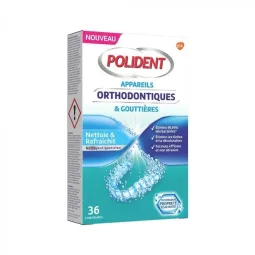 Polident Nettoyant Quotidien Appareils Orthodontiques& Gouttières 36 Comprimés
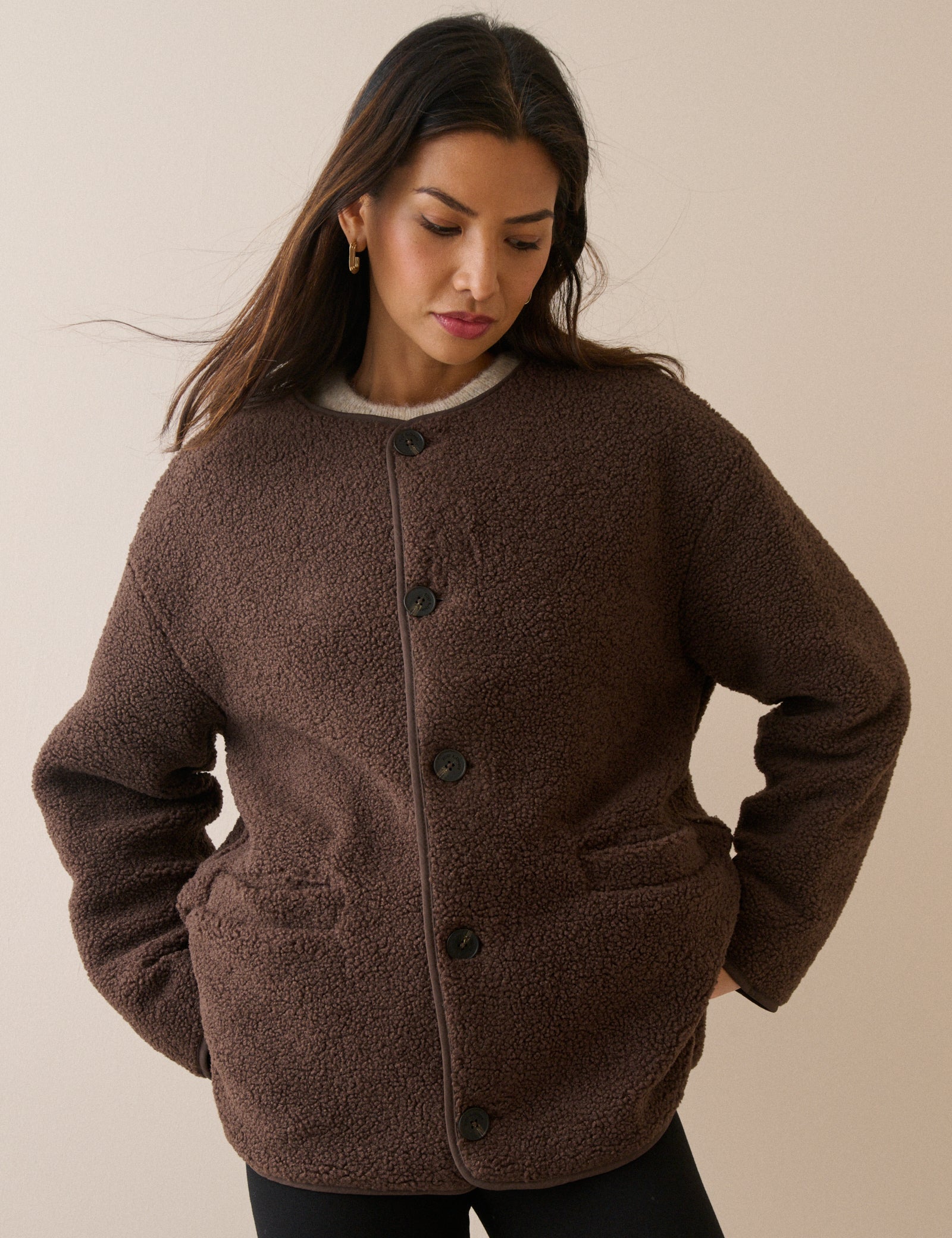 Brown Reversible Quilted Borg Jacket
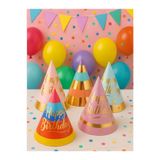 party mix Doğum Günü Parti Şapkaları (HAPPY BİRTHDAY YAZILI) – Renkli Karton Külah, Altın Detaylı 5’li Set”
────────
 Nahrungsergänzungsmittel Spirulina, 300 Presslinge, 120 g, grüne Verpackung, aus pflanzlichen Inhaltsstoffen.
────────
■ Work item
Only one stretch of the entries above is needed: the lines from the one containing "Polident Nettoyant Quotidien" through the one containing "party mix Doğum". Copy it exactly, without the pictures.

■ Answer to this exercise
 Polident Nettoyant Quotidien Appareils Orthodontiques& Gouttières 36 Comprimés
 Brown Reversible Quilted Borg Jacket
 party mix Doğum Günü Parti Şapkaları (HAPPY BİRTHDAY YAZILI) – Renkli Karton Külah, Altın Detaylı 5’li Set”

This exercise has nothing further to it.